Dans cette partie de la Turquie, le mouvement kurde avait opté pour l’ouverture vers la gauche libérale et une partie de la gauche socialiste, mais aussi vers les écologistes, les féministes et d’autres mouvements issus de la société civile. Les résultats (4 à 6 % des voix selon les localités) ont montré les limites de cette stratégie. On peut craindre que le mouvement kurde n’estime que cette plateforme, baptisée Parti de la démocratie des peuples (HDP), n’apporte rien à la cause kurde et ne décide de faire cavalier seul. Une telle démarche priverait la Turquie d’une opposition démocratique à gauche (la seule peut-être) et entraverait l’évolution du BDP vers un positionnement comme parti national, et pas seulement comme parti des Kurdes.
Les mois à venir seront décisifs pour l’avenir du paysage politique de la Turquie. Au plan national, nous serons probablement témoins d’une islamisation du régime, utilisant de plus en plus un ton autocratique, voire dictatorial. Les accusations de corruption n’auront sans doute qu’un effet limité. L’opposition pourra accentuer son nationalisme et son souverainisme, devenus des nouvelles fractures sociétales. Sur le plan régional, les Kurdes sacrifieront-ils leurs idéaux de démocratisation de l’ensemble de la Turquie en soutenant Recep Tayyip Erdoğan pour obtenir une autonomie régionale ?

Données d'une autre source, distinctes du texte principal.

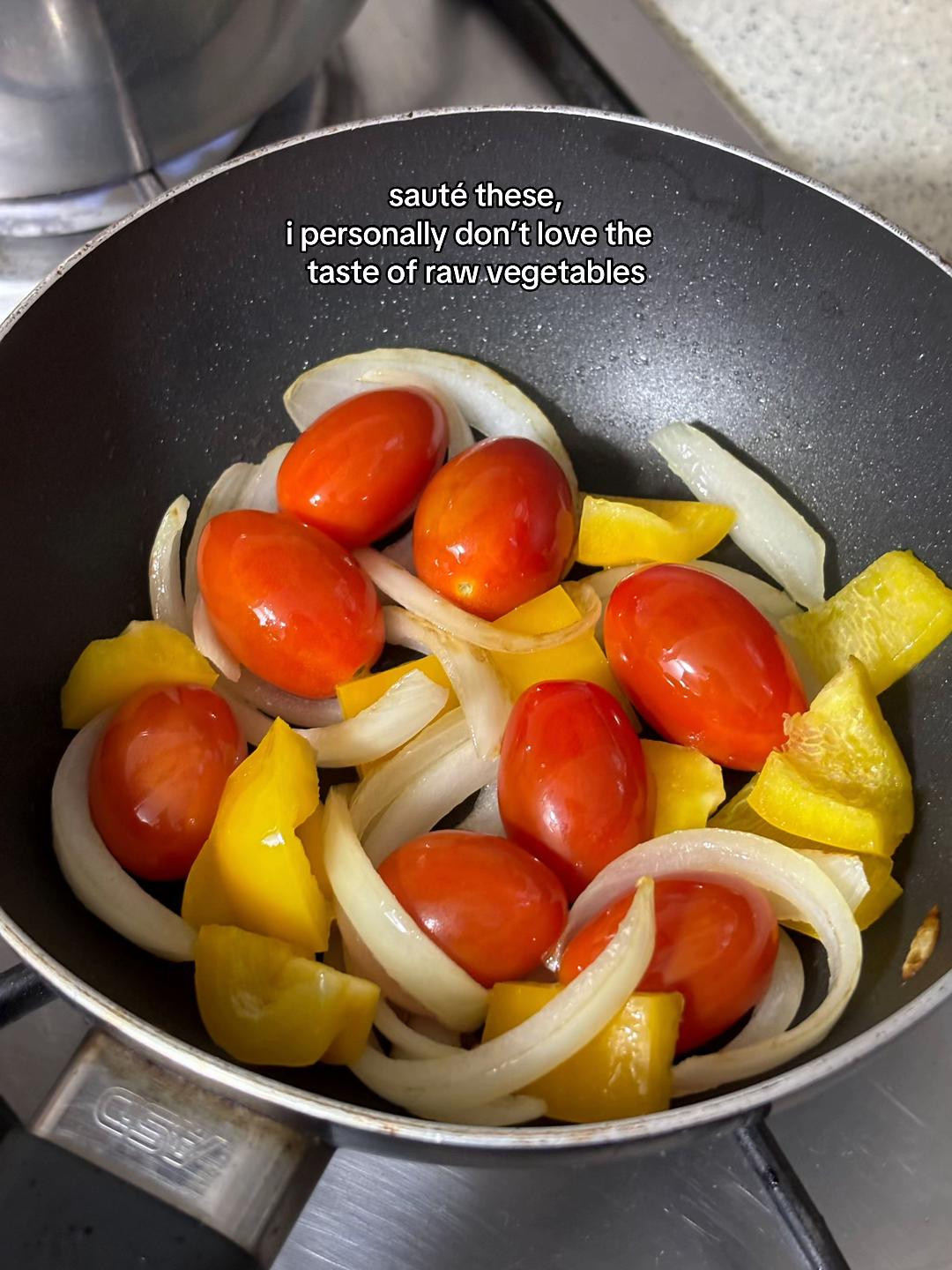 Versatile Pasta Salad with Sautéed Vegetables, Couscous, and Toasted Panko Breadcrumbs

Quels pouvoirs pour Erdoğan ?
S’il est élu président, Recep Tayyip Erdoğan n’aura en principe que des pouvoirs limités. Une nouvelle Constitution instaurant un régime présidentiel n’a pas pu être votée car l’opposition parlementaire y était opposée. L’AKP n’avait pas la majorité des deux tiers nécessaire pour tout changement constitutionnel et il aurait fallu aller vers un référendum, ce qui était risqué.
Le charismatique leader de l’AKP aura cependant la possibilité de nommer un premier ministre observant un profil bas et détenir ainsi de facto tous les pouvoirs, comme ce fut le cas au début des années 1990 avec Turgut Özal. En outre, il pourra s’appuyer sur la nouvelle légitimité conférée par le suffrage populaire pour faire adopter une nouvelle Constitution par vote ou par référendum, afin de passer à un régime présidentiel ou semi-présidentiel.
Selon la Constitution de 1982 instaurée au temps de la junte militaire, le président, bien qu’élu par le Parlement, possède notamment le pouvoir de nommer directement des présidents d’universités, des juges de la Haute cour, des membres du CSA turc et de centaines d’autres institutions. Il possède aussi deux droits de veto successifs. Si un texte législatif revient du Parlement identique une troisième fois après ces deux vetos, il est cependant obligé de le signer. Mais on voit mal un pouvoir législatif quelconque résister à un président élu, et encore moins à Erdoğan.